I saw this rock, while vernal air
Blew softly o'er the russet heath,
Uphold a monument as fair
As church or abbey furnisheth.
Unsullied did it meet the day,
Like marble, white, like ether, pure;
As if, beneath, some hero lay,
Honoured with costliest sepulture.
My fancy kindled as I gazed;
And, ever as the sun shone forth,
The flattered structure glistened, blazed,
And seemed the proudest thing on earth.
But frost had reared the gorgeous pile
Unsound as those which fortune builds--
To undermine with secret guile,
Snapped by the very beam that gilds.
And, while I gazed, with sudden shock
Fell the whole fabric to the ground;
And naked left this dripping rock,
With shapeless ruin spread around!
"HAST THOU SEEN, WITH FLASH
HAST thou seen, with flash incessant,
Bubbles gliding under ice,
Bodied forth and evanescent,
No one knows by what device?
Such are thoughts! A wind-swept meadow
Mimicking a troubled sea,
Such is life; and death a shadow
From the rock eternity!
NEAR THE SPRING OF THE HERMITAGE
TROUBLED long with warring notions
Long impatient of thy rod,
I resign my soul's emotions
Unto thee, mysterious God!
What avails the kindly shelter
Yielded by this craggy rent,
If my spirit toss and welter
On the waves of discontent?
Parching summer hath no warrant
To consume this crystal well;
Rains, that make each rill a torrent,
Neither sully it nor swell.
Thus, dishonouring not her station,
Would my life present to thee,
Gracious God, the pure oblation
Of divine tranquillity!
FOR THE SPOT WHERE THE HERMITAGE STOOD ON ST. HERBERT'S ISLAND,
IF thou in the dear love of some one friend
Hast been so happy that thou know'st what thoughts
Will sometimes in the happiness of love
Make the heart sink, then wilt thou reverence
This quiet spot; and, stranger! not unmoved
Wilt thou behold this shapeless heap of stones,
The desolate ruins of St. Herbert's cell.
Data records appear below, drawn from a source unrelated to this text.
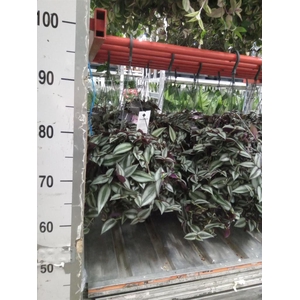 Tradescantia zebr. 'Purpusii'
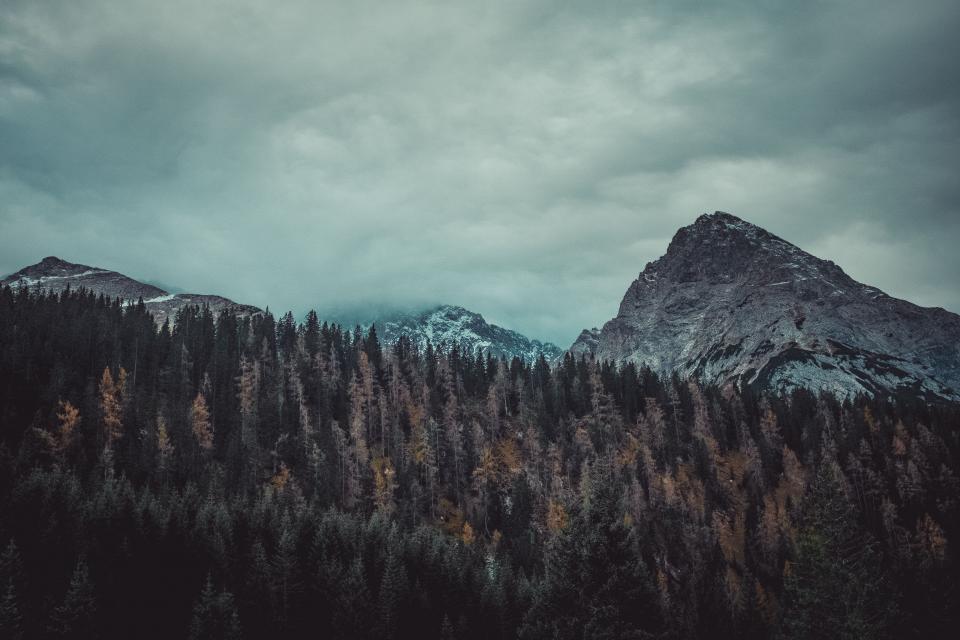 Mountain Highland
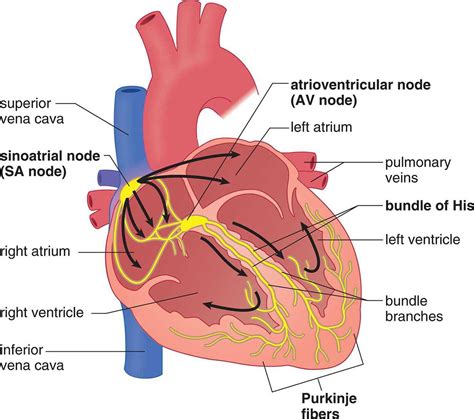 Electrical Conduction System Heart Diagram System Heart Elec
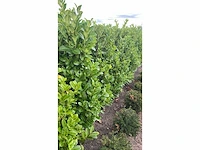 Laurier rotundifolia (ca. 150-175cm) haag (50x) - afbeelding 3 van  3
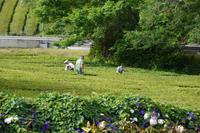 IMG_2245_Teeplantage Gorreana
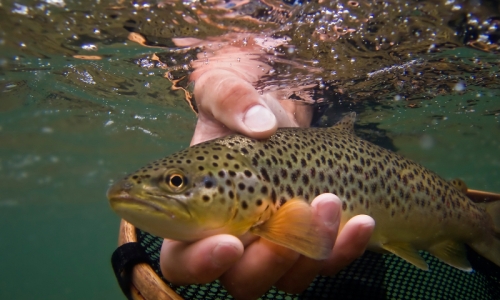 Bryce Canyon Fishing Guides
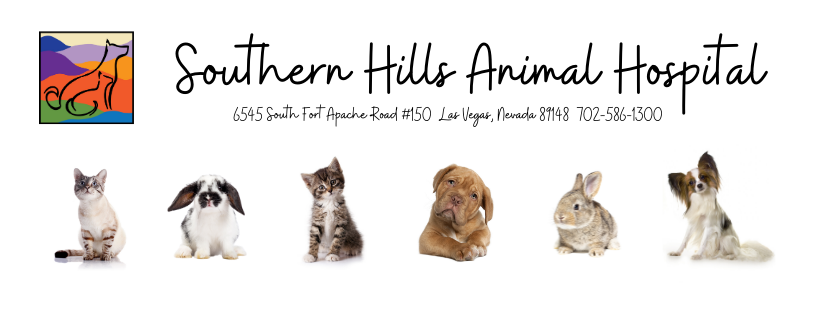 Southern Hills Animal Hospital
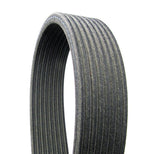 Dual-Sided Multi-V Belt - Ford | BC3Z8620C
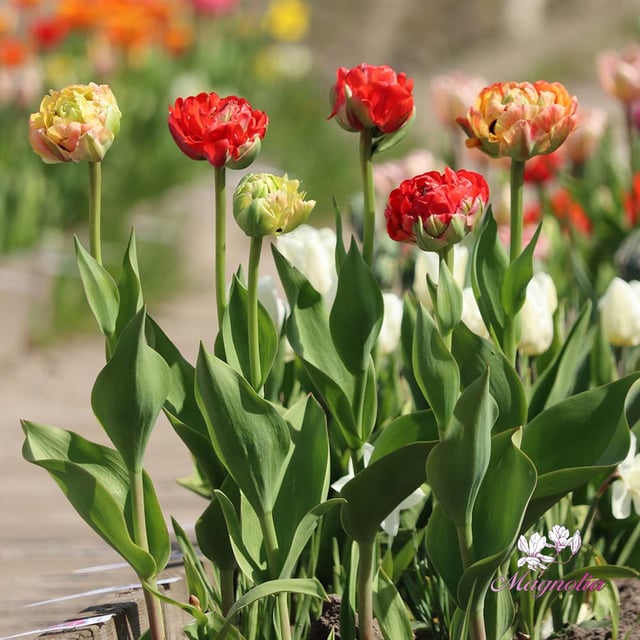 Gudoshnik Double Bulbs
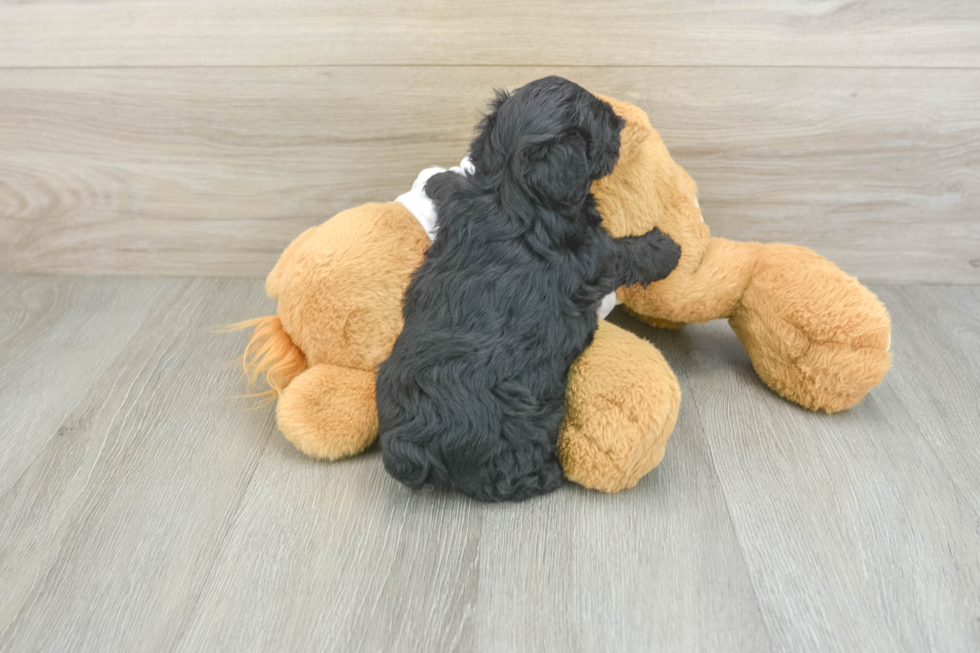 Little Yorkie Poodle Mix Poodle Mix Puppy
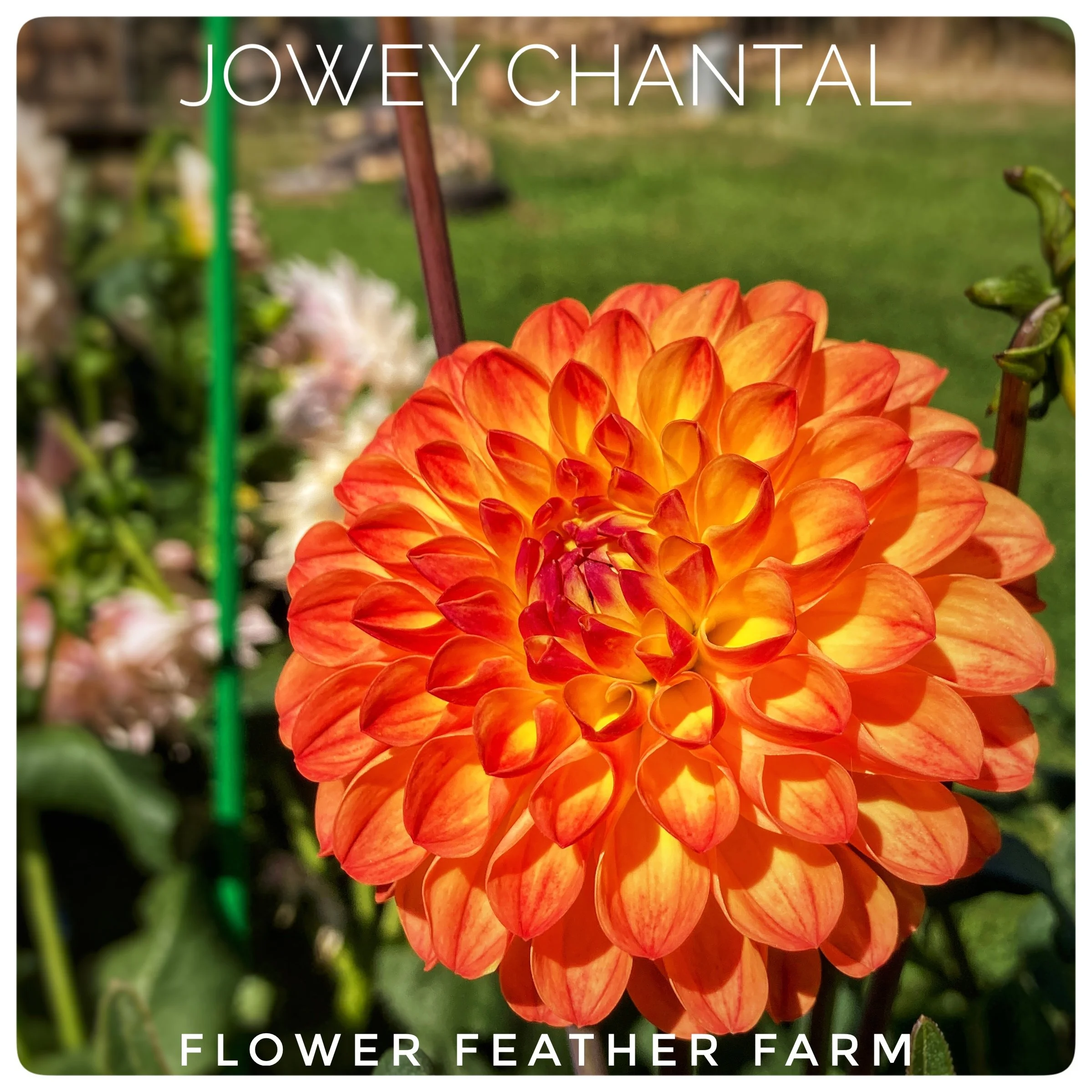 Jowey Chantal Dahlias at Flower Feather Farm, Specialty Chicks and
Here stood his threshold; here was spread the roof That sheltered him, a self-secluded man,
After long exercise in social cares
And offices humane, intent to adore
The Deity, with undistracted mind,
And meditate on everlasting things,
A Fellow-labourer, whom the good man loved
As his own soul. And, when with eye upraised
To heaven he knelt before the crucifix,
While o'er the lake the cataract of Lodore
Pealed to his orisons, and when he paced
Along the beach of this small isle and thought
Of his companion, he would pray that both
(Now that their earthly duties were fulfilled)
Might die in the same moment. Nor in vain
So prayed he: as our chronicles report,
Though here the hermit numbered his last day
Far from St. Cuthbert his belovèd friend,
Those holy men both died in the same hour.